Die Eppsteiner Zuhörer ließen sich mit Vergnügen auf Ungehörtes ein. „Lauter unbekannte Stücke“, meinte ein Herr achselzuckend, „den Namen Waxman kenne ich wirklich nicht. Der sagt mir gar nichts...“ Die Melodien und Rhythmen, die sich der schlesisch-amerikanische Filmmusikkomponist für seine Fantasie aussuchte, sind allerdings weltberühmt aus Bizets Oper Carmen. Waxman, ursprünglich Franz Wachsmann, der aus Nazi-Deutschland flüchtete, wo er mit Filmmusiken wie „Der blaue Engel“ mit Marlene Dietrich erfolgreich war, lernte in Hollywood den bereits zu Lebzeiten legendären Geiger Jascha Heifetz kennen. Dem Über-Virtuosen des vorigen Jahrhunderts widmete Waxman seine Carmen-Fantasie, die heutzutage wohl auch deshalb weitgehend unbekannt ist, weil sie dem Geiger einige vertrackte Passagen zumutet. Igor Mishurisman meisterte sie mit Bravour!
Anna Tyshayeva und ihr Duo-Partner setzten unter ihr Programm das Motto: Für Toleranz und religiöse Offenheit. Blochs musikalische Bilder aus dem Leben chassidischer Juden in Osteuropa, neben dem ungezügelten Temperament des spanischen Zigeunermädchens Carmen sowie der Blues und die Spirituals des amerikanischen Schwarzen-Viertels „Catfish Row“ in Porgy und Bess mit Bettlern, Kriminellen und Arbeitern. Dass die Musiker ihr Programm für einige Sekunden unterbrechen mussten, weil die Glocken der evangelischen Talkirche um 19 Uhr zu läuten begannen, war ein Versehen – passte aber gut in diesen Abend voller Überraschungen.
„Weltklasse in dieser kleinen Stadt. In unserer Talkirche“, versprach Schirmherr Christian Heinz vom Hessischen Landtag in seiner Begrüßungsrede. Und das Niveau bleibt beachtlich beim Klavier-Festival. Heute (7. Juni) spielt der international gepriesene Chinese Haiou Zhang Werke von Frederic Chopin. Insbesondere die vier Scherzi stehen im gewaltigen Ouevre des polnischen Komponisten für sich.

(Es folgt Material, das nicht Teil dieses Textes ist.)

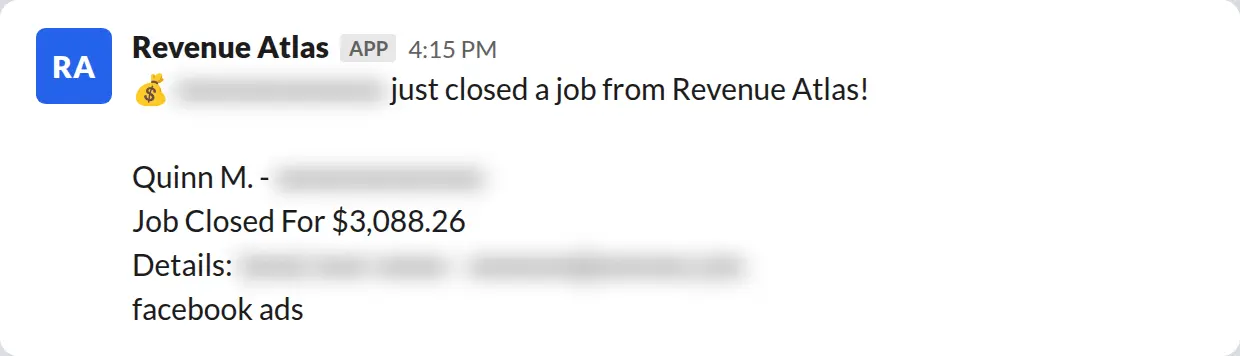 Slack screenshot: Revenue Atlas bot posts a $3,088 closed job from a PaintLaunch client, February 2026. Company name blurred for privacy.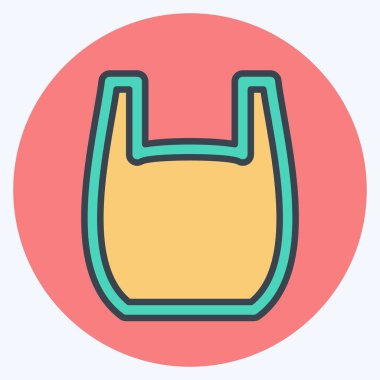 Simge Plastik Torba. Plastik Ürün sembolüyle ilgili. renk arkadaşı stili. dizayn edilebilir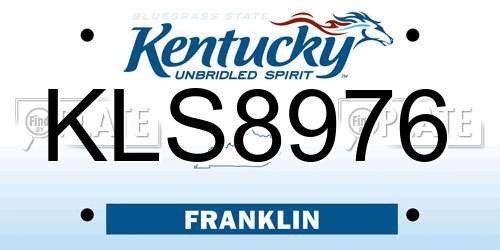 KLS8976 Kentucky License Plate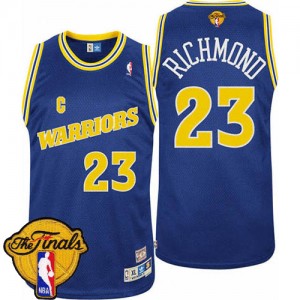 Golden State Warriors Mitch Richmond #23 Throwback 2015 The Finals Patch Authentic Maillot d'équipe de NBA - Bleu pour Homme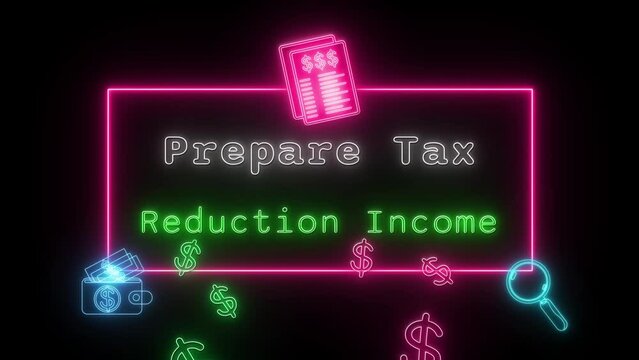 prepare tax reduction income login Neon white-green Fluorescent Text Animation pink frame on black background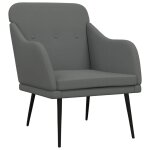 Vidaxl fauteuil gris fonc 63x76x80 cm tissu
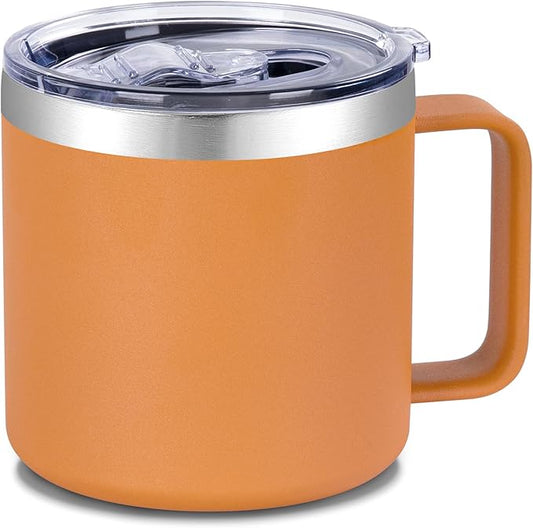 VEGOND 14 oz Insulated Coffee Mug with Handle, Stainless Steel Travel Coffee Mug with Lid, Double Wall Vacuum Metal Coffee Cup, Coffee Tumbler Powder Coated, Orange 1 Pack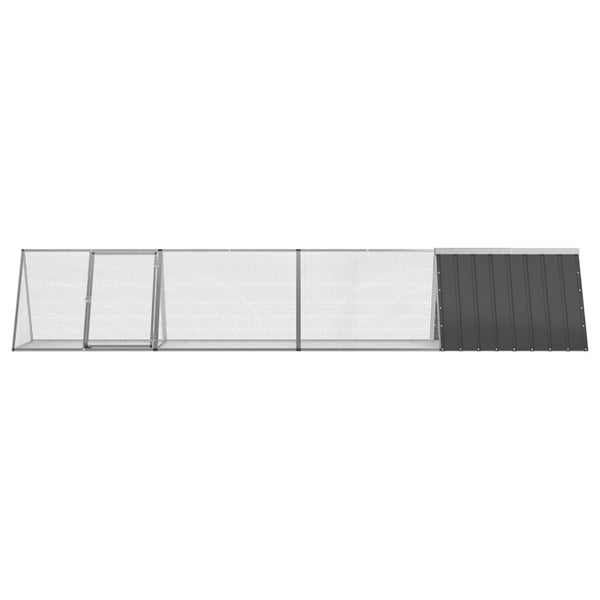 Kaninchenkäfig Anthrazit 403,5x80,5x71 cm Verzinkter Stahl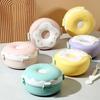 Lunch Box For Kid School Child Snack Box Donut Cartoon Leakproof Bento Box Lunch Bags With Fork Spoon 3 Compartment Microwavable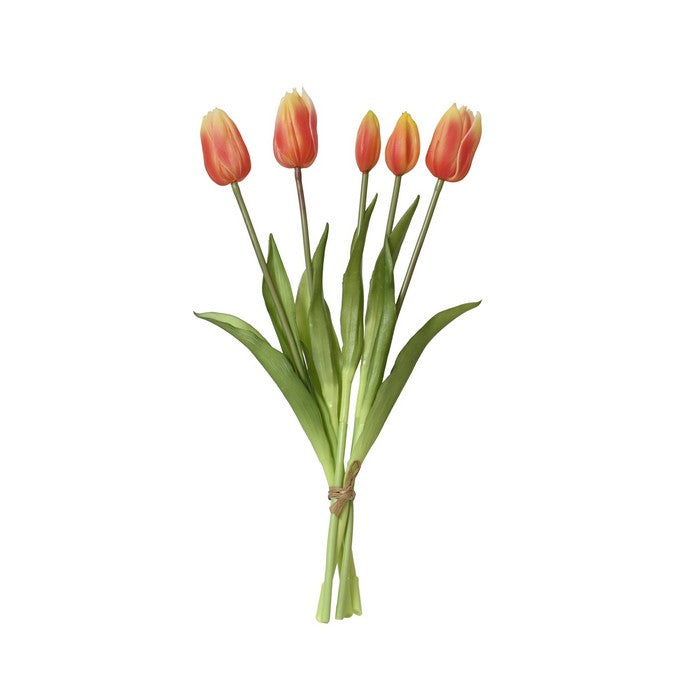 Mazzo tulipani artificiali per decorazione effetto real touch 5 fiori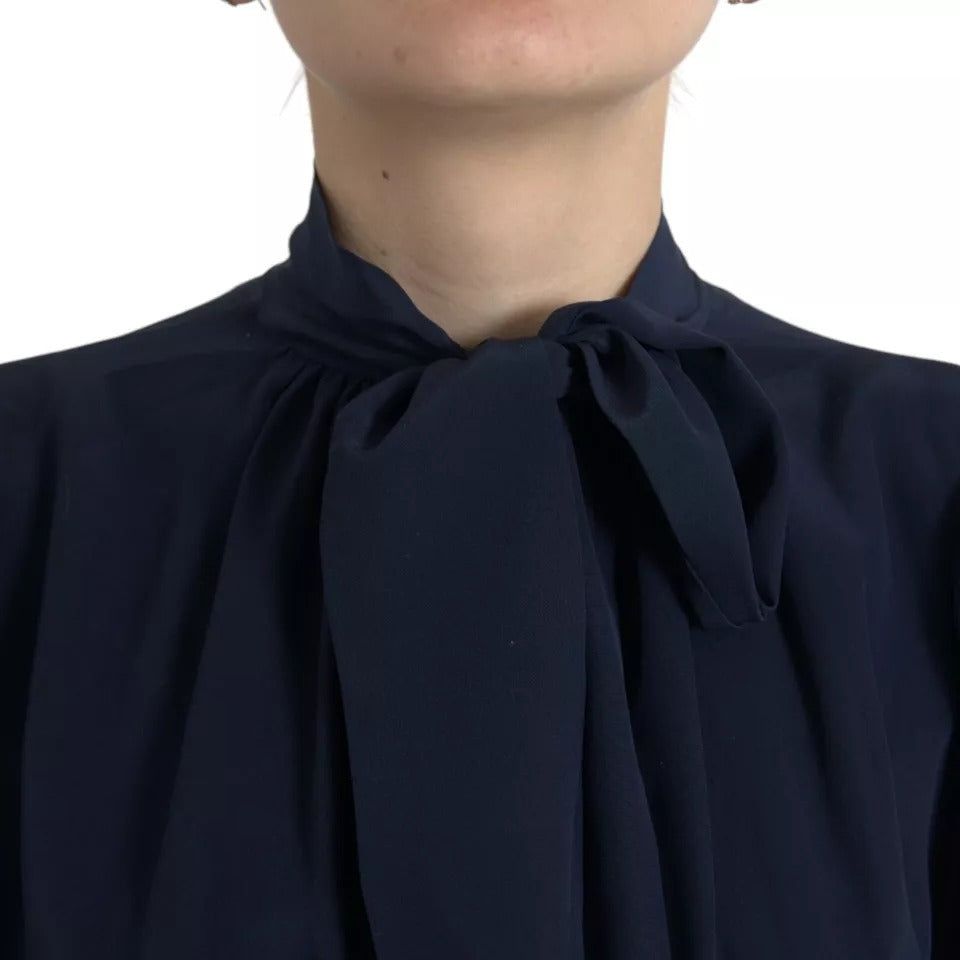 Dolce & Gabbana Blue Long Sleeves Ascot Collar Blouse Top Dolce & Gabbana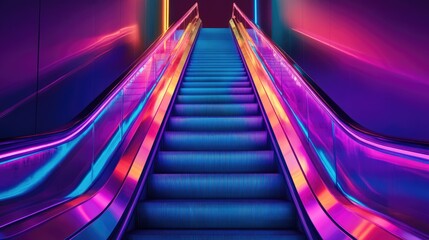 Aufkleber - Escalator featuring LED lights in an abstract theme with vibrant neon colors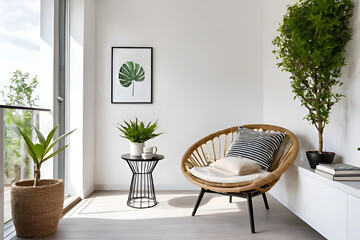 modern small place with cozy one armchair with table in veranda. A Small plant pot. White walls. Full relaxing place - obrazy, fototapety, plakaty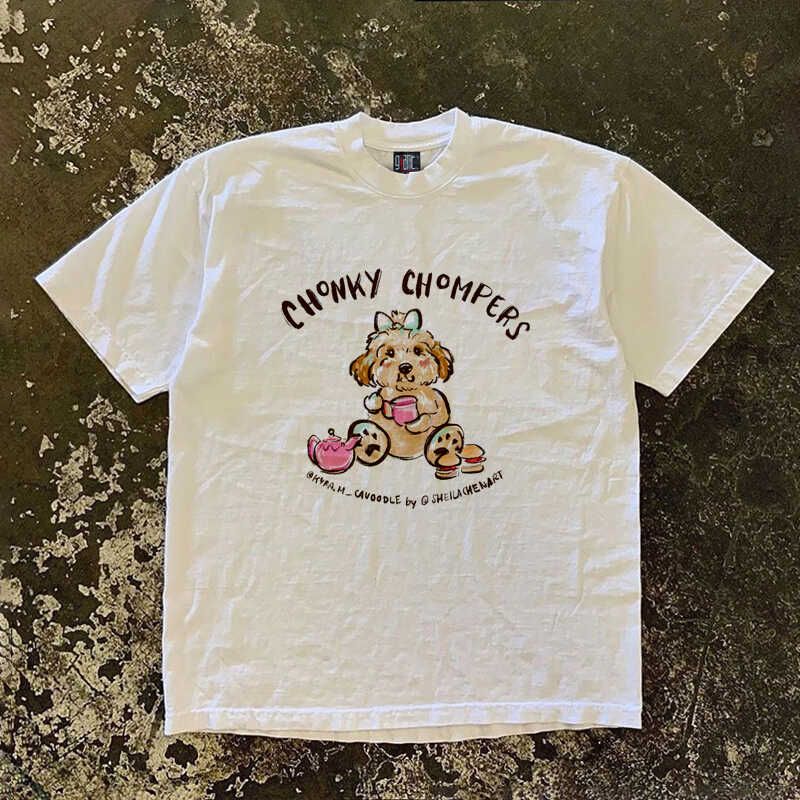 

Igeumm 230G Тяжелая Непрозрачная Милая Футболка с Коротким Рукавом с Ручной Росписью Щенка Женская из Чистого Хлопка Свободная Универсальная White S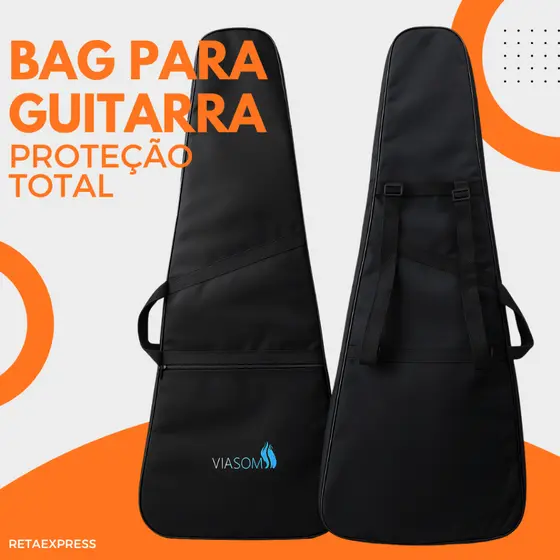 Capa case para Guitarra E Violão Premium Com Bolso e alça dupla
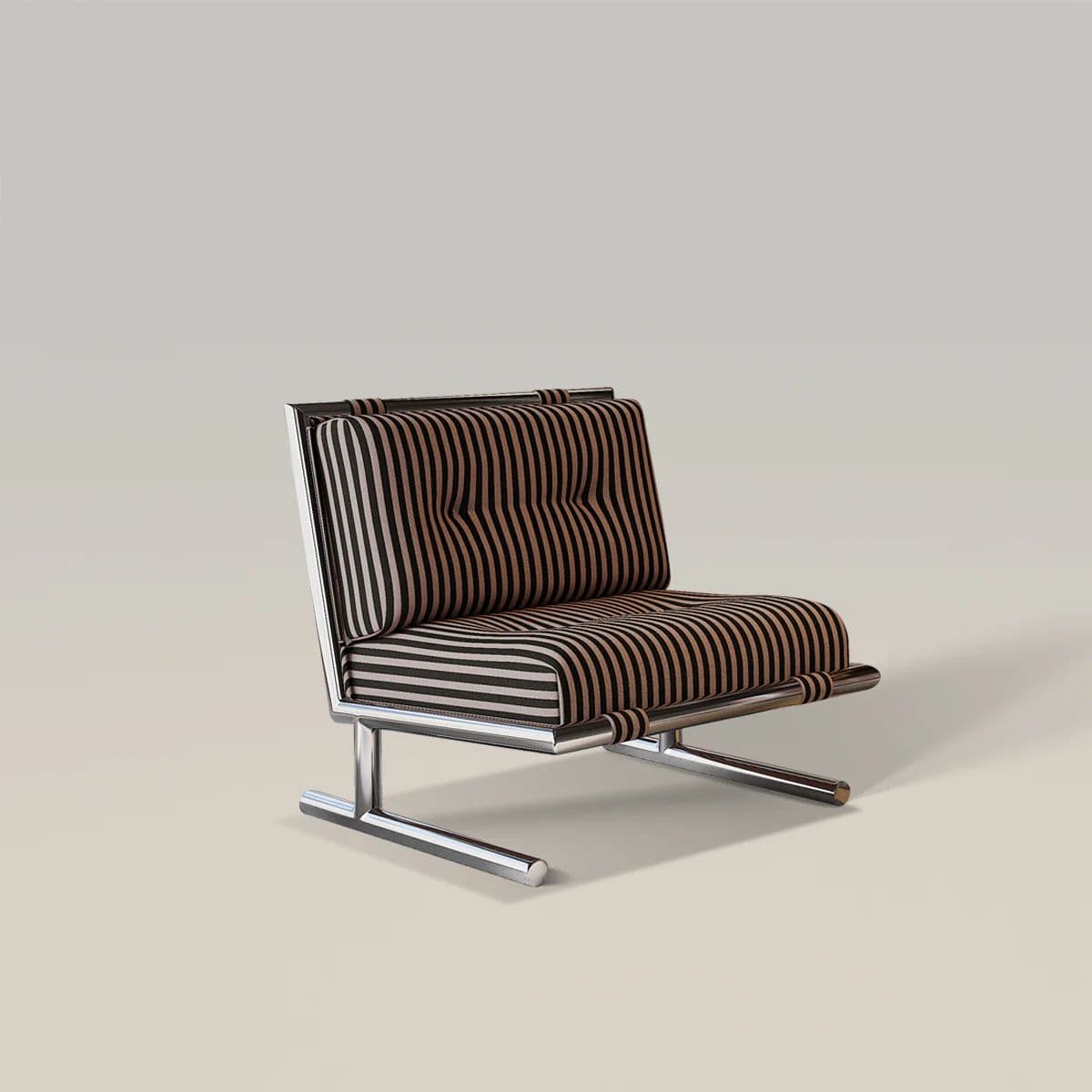A modern armchair featuring a polished chrome metal frame and upholstered cushions with a vertical stripe pattern. The frame has a minimalist design with horizontal base supports and vertical uprights connected to the seat and back. The seat and back cushions are tufted, adding to the upholstered aesthetic. The fabric appears to be a woven textile. — 3D model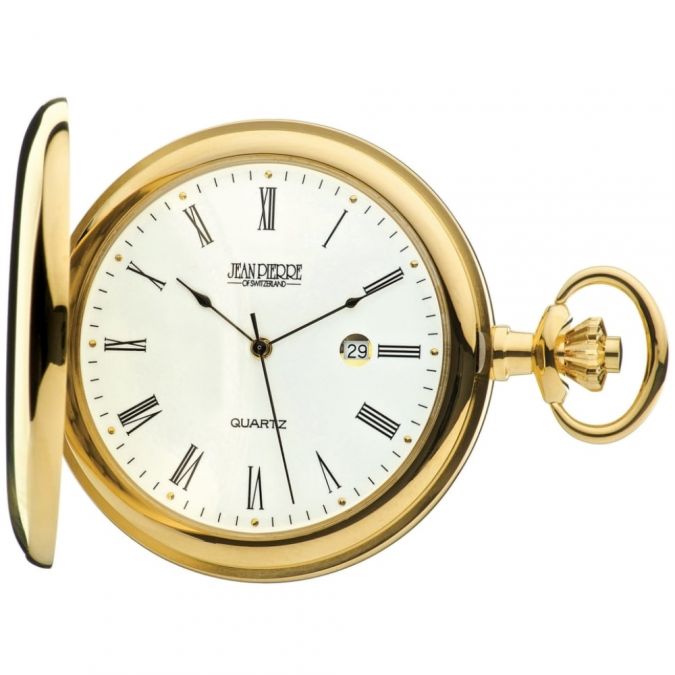 Quartz Gold Plated Full Hunter Pocket Watch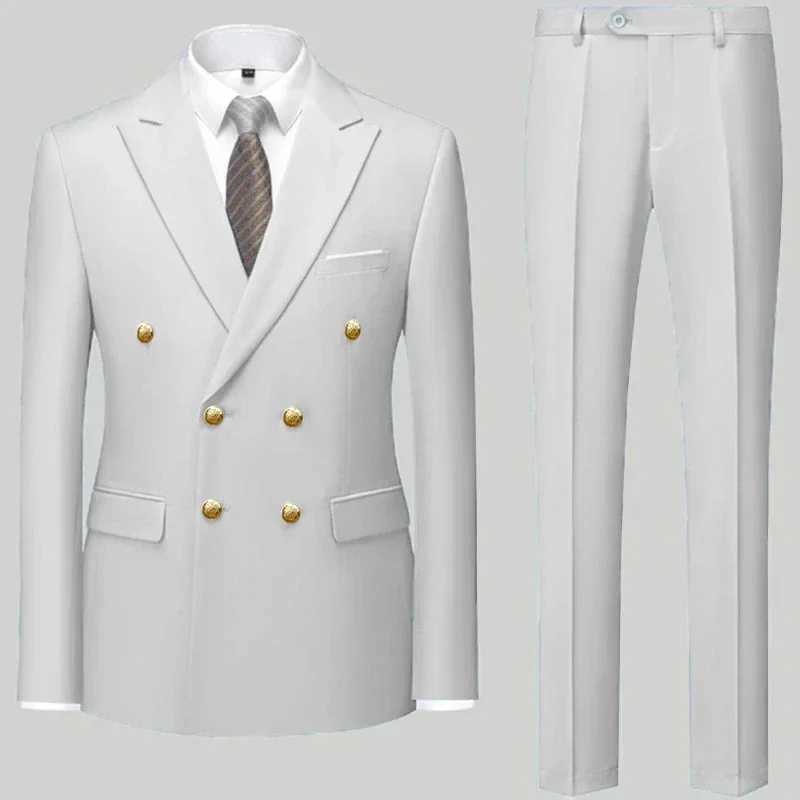 Fashion new mens casual boutique double breasted suit pants mens business suit set M260313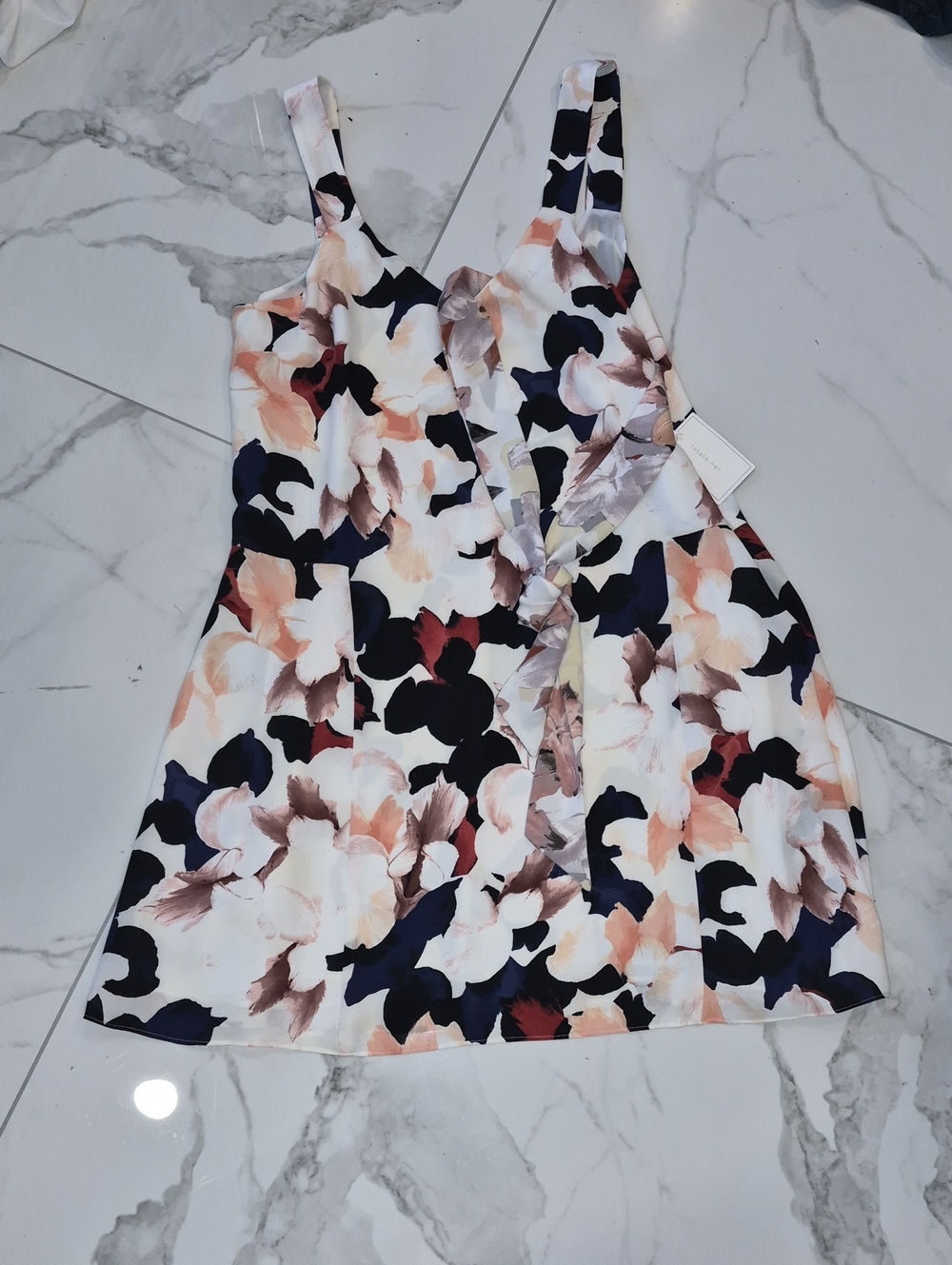 1. State Floral Print Camisole Dress - White Multi Kenya Nwt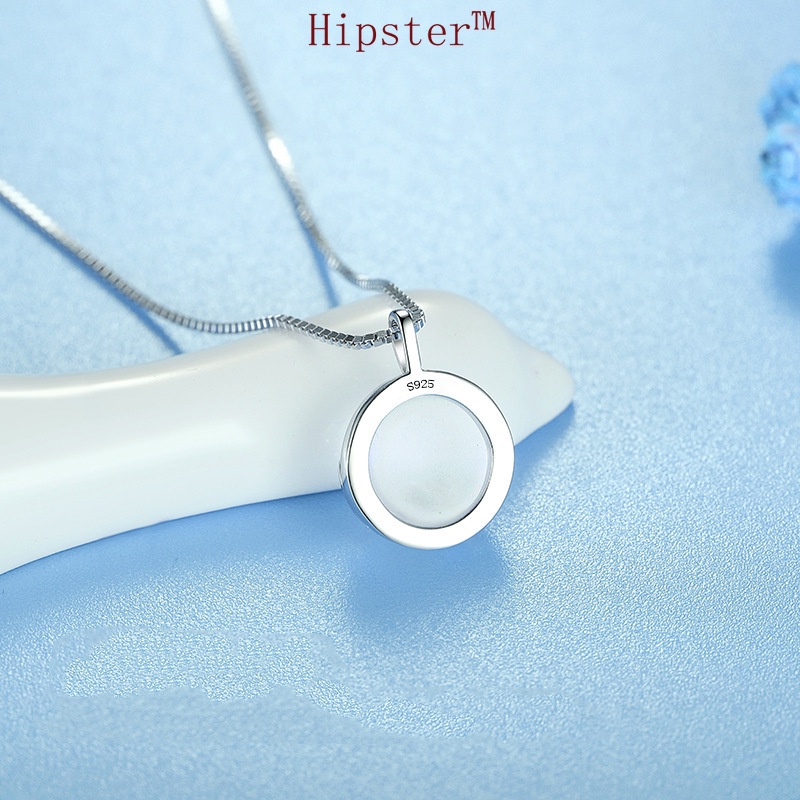 925 Silver Necklace Female Pendant White Jade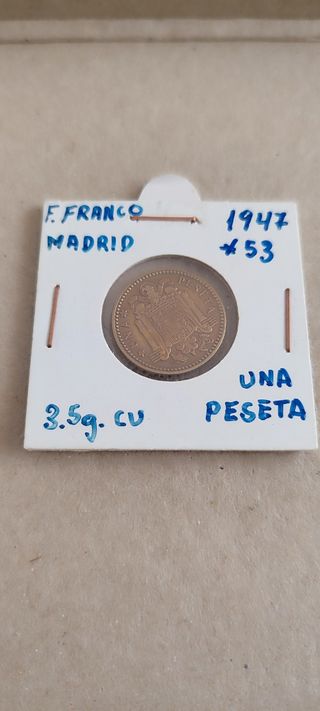 Moneda 1 Peseta 1947 Franco Madrid 1947*(19/53)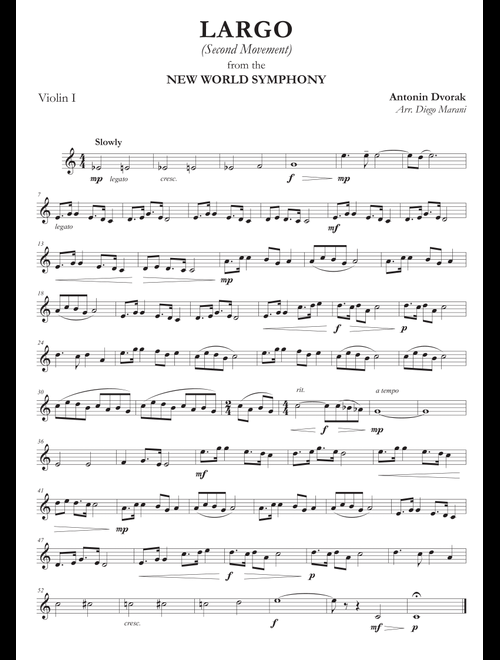 Largo from "New World Symphony" for String Quartet (Arr. Diego Marani) - Antonin Dvorak (String Quartet)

Die ukrainische Solistin Kateryna Titova mischt an diesem Freitag (8. Juni) ein ungewöhnliches Programm von Mozart über Mendelssohn bis Rachmaninow. Ebenso ungewöhnlich verspricht das Programm am Samstag zu werden. Die Konzertpianistin Yekaterina Lebedeva spielt unter dem Titel „Bilder und Jahreszeiten II” Werke von Beethoven, Bach und Gluck. Dazu werden Bilder von Alex Fodor auf eine Leinwand projiziert. Am Sonntag dann ein Abschlusskonzert in Eppstein, das es in sich hat: Anna Tyshayeva und Wolfgang Manz spielen an zwei Klavieren die Klavierkonzerte Nr. 2 und 3 von Sergej Rachmaninow. „Rach 2“ und „Rach 3“ wie die gewaltigen Konzerte unter Pianisten ehrfürchtig genannt werden, fordern jeden Virtuosen. Und in diesem Fall auch den Begleiter, der den Part des riesigen Orchesters übernimmt – Herr Manz im Konzert Nr. 2, Frau Tyshayeva im Konzert Nr. 3.
Neugierige erfahren in jedem Fall mehr.